Gary/Chicago International Airport has completed an expansion of its fuel farm, where jet fuel and aviation gas are stored.

The expansion resolves a controversy that forced the airport's newest fixed-base operator, B. Coleman Aviation, to order and store fuel by the truckload. Fixed-base operators provide services such as aircraft fueling, maintenance and charters.

"It helps overall to improve the competitiveness of the new fixed-base operator, so everyone is on a level playing field," said Airport Director Dan Vicari after Monday's airport authority meeting.

An agreement entered into earlier between the airport authority and B. Coleman authorized spending up to $650,000 to increase fuel farm capacity by 40,000 gallons. Under that agreement, B. Coleman was to finance the upfront cost of the project and then pay itself back by getting a discount on fuel flowage fees normally paid to the airport. The airport retains ownership of the entire fuel farm.

The actual cost of the project came to $547,568, according to the airport. That was almost 9 percent under its projected price. B. Coleman opened for business at the airport two years ago.

The airport's other fixed-base operator, Gary Jet Center, sued over the fuel farm issue in late 2013, citing its own lease, which guaranteed it sufficient fuel farm capacity to serve Boeing Corp. and other customers. That lease provision basically shut B. Coleman out of the fuel farm.

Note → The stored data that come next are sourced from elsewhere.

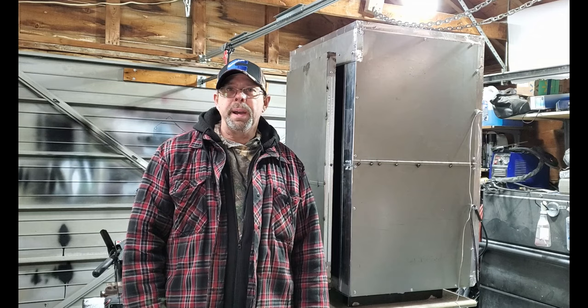Looking to build your own DIY powder coat oven? Maybe this video will help, so stick around.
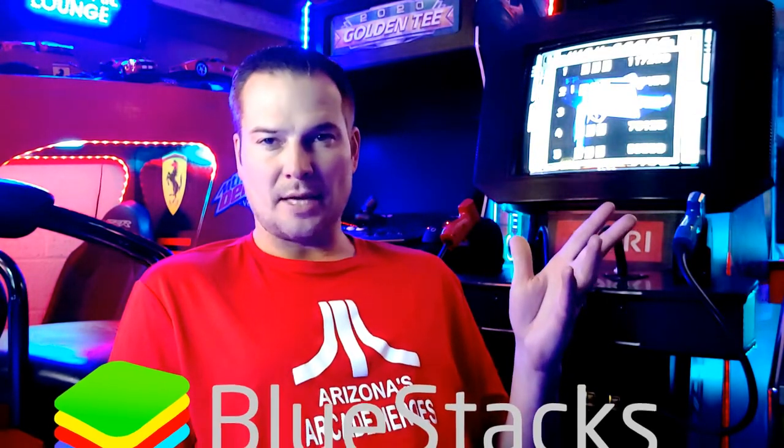Welcome back to Arizona's Arcade Heroes, thanks for watching the show today everyone. If you found this video because you're looking to play your favorite Android game right on your arcade, you've come to the right place. What got me started on this journey — some of you may have been to the arcade and seen Injustice and Marvel Contest of Champions. This got me thinking maybe I can do this at home in my home arcade, so I did a little research and found a program called BlueStacks that will let you emulate your Android games and play them on your computer. I figured we're halfway there — if you can play it on your computer, there's got to be a way to play it on your arcade.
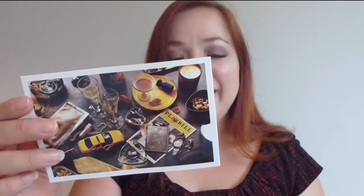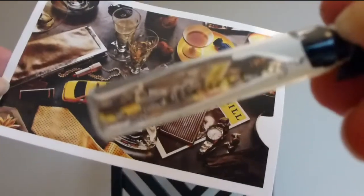Last but not least is Atelier Cologne Maison de Parfum Paris — the Vanille Insassée fragrance. It's really cute packaging — it comes in a paper envelope with a sticker. It includes a postcard that explains a little bit about the fragrance. I love this. Let's try it — mmm, very nice, very subtle. I really like it.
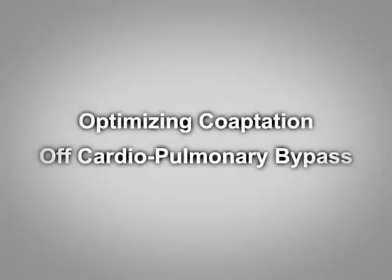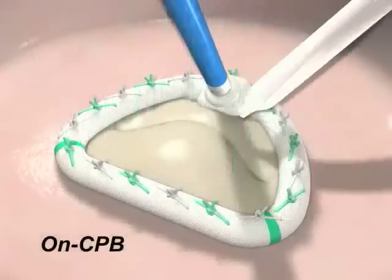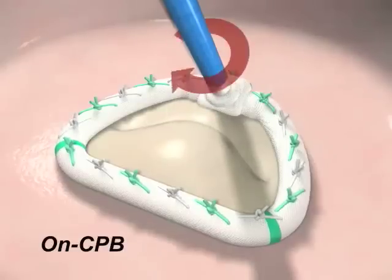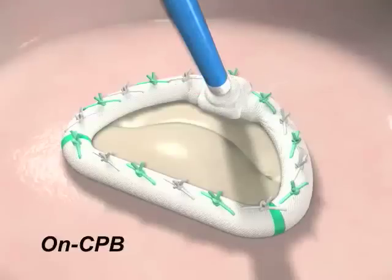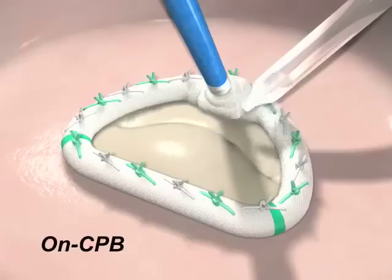Optimizing Coaptation Off Cardiopulmonary Bypass. The adjustable annuloplasty ring is implanted using standard intracardiac techniques and sutured into position on pump. The left ventricle is filled with saline from a bulb syringe to test the competency of the valve. Using the adjustment tool, the surgeon may incrementally reduce the size of the ring until a good line of closure is apparent. A bulb syringe test is again performed to test the competency of the valve.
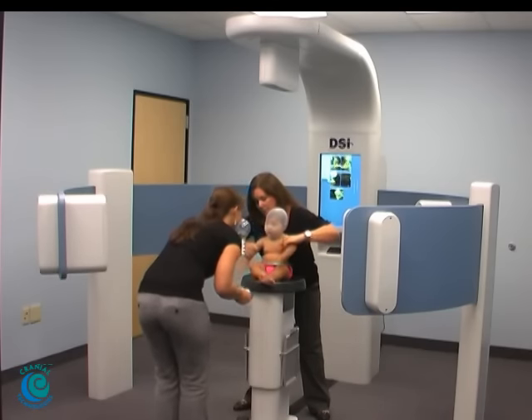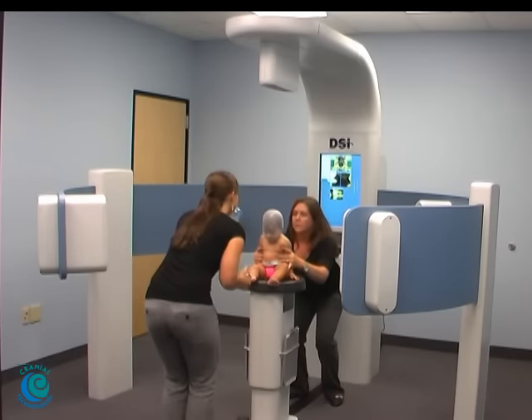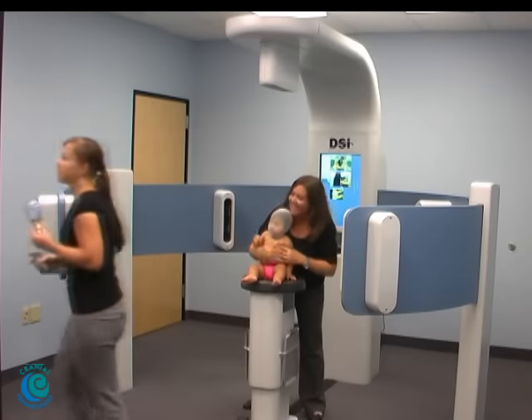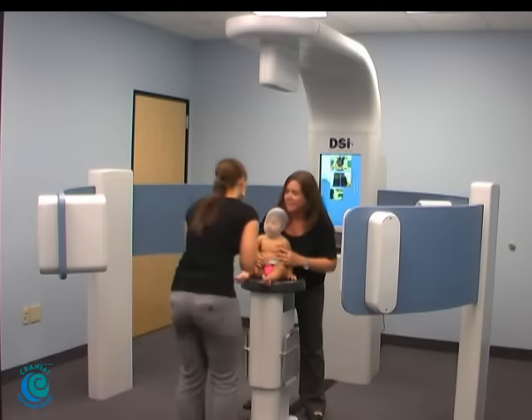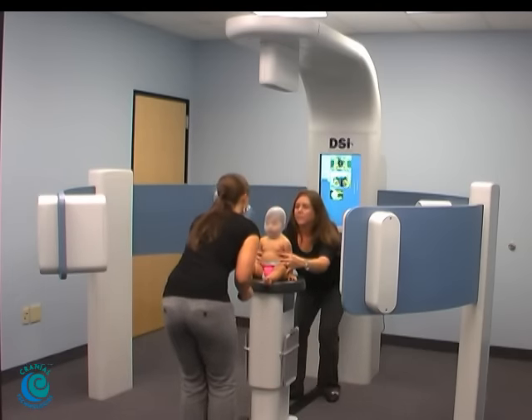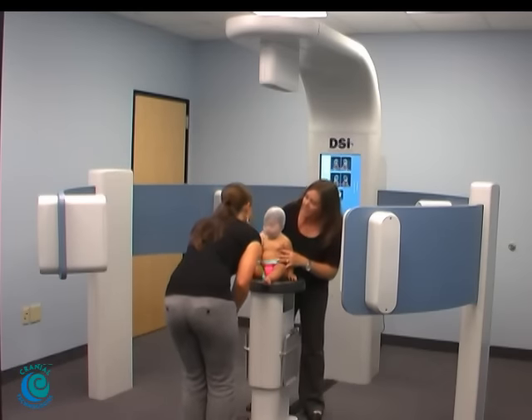Sophia, are you ready? Let's see, what's this? Sophia, you look down. Let's get another toy that makes noise. What's this? Sophia. There we go, that was a good one. Good job.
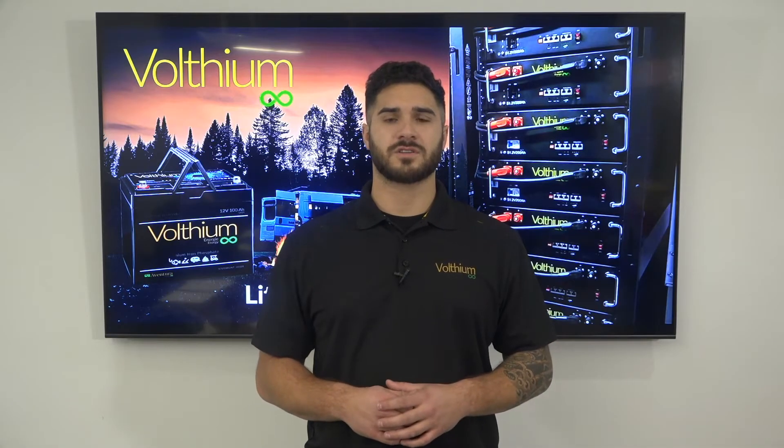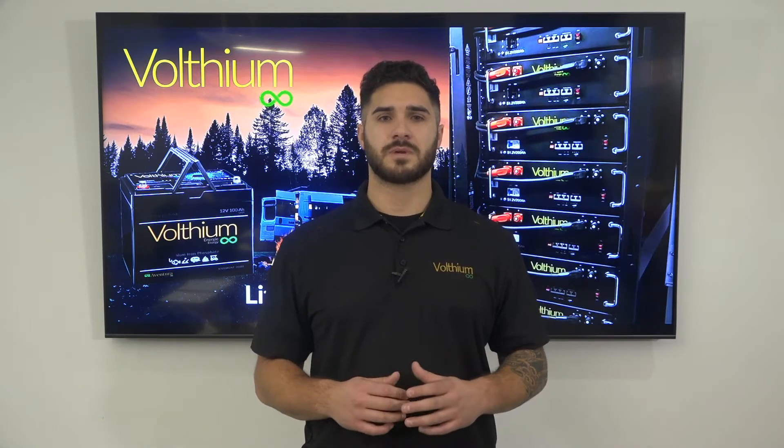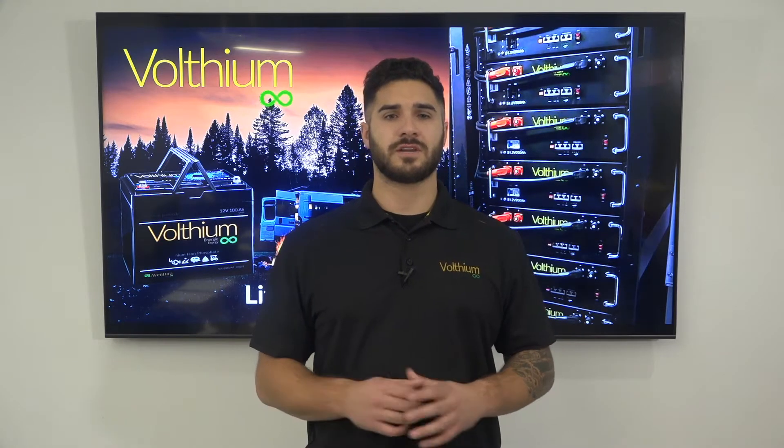How does the self-heating technology work? The automatic system. The self-heating system of Voltium batteries is fully automated. It is powered by the charger's current and not by the internal energy of the battery.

The airport authority eventually settled with Gary Jet Center, promising to respect that lease provision and to work with B. Coleman to expand the fuel farm.

The airport authority at its meeting Monday at the airport administration building also approved several change orders, as it draws nearer to completing the final punch list for its $174 million runway expansion, which opened in July.

The largest change order was to add $724,747 in payments to the contract for Brandenburg Environmental Excavation. The company had to remove much greater amounts of contaminated soil than anticipated, because pollution had seeped deeper into soil than originally thought, Vicari told the authority board. That contract now stands at $5.81 million.

Another change involved adding $200,000 to a contract for LLC On-Call Environmental Response. That contract now stands at $2.22 million. The change will pay for another year of environmental testing in the runway expansion areas.

In a news release issued after the meeting, the airport authority stated plans for a U.S. Customs facility at the Gary airport are moving forward. The U.S. Customs and Border Protection office at O’Hare International Airport will soon assign a project manager to assist with its layout, design, location and construction.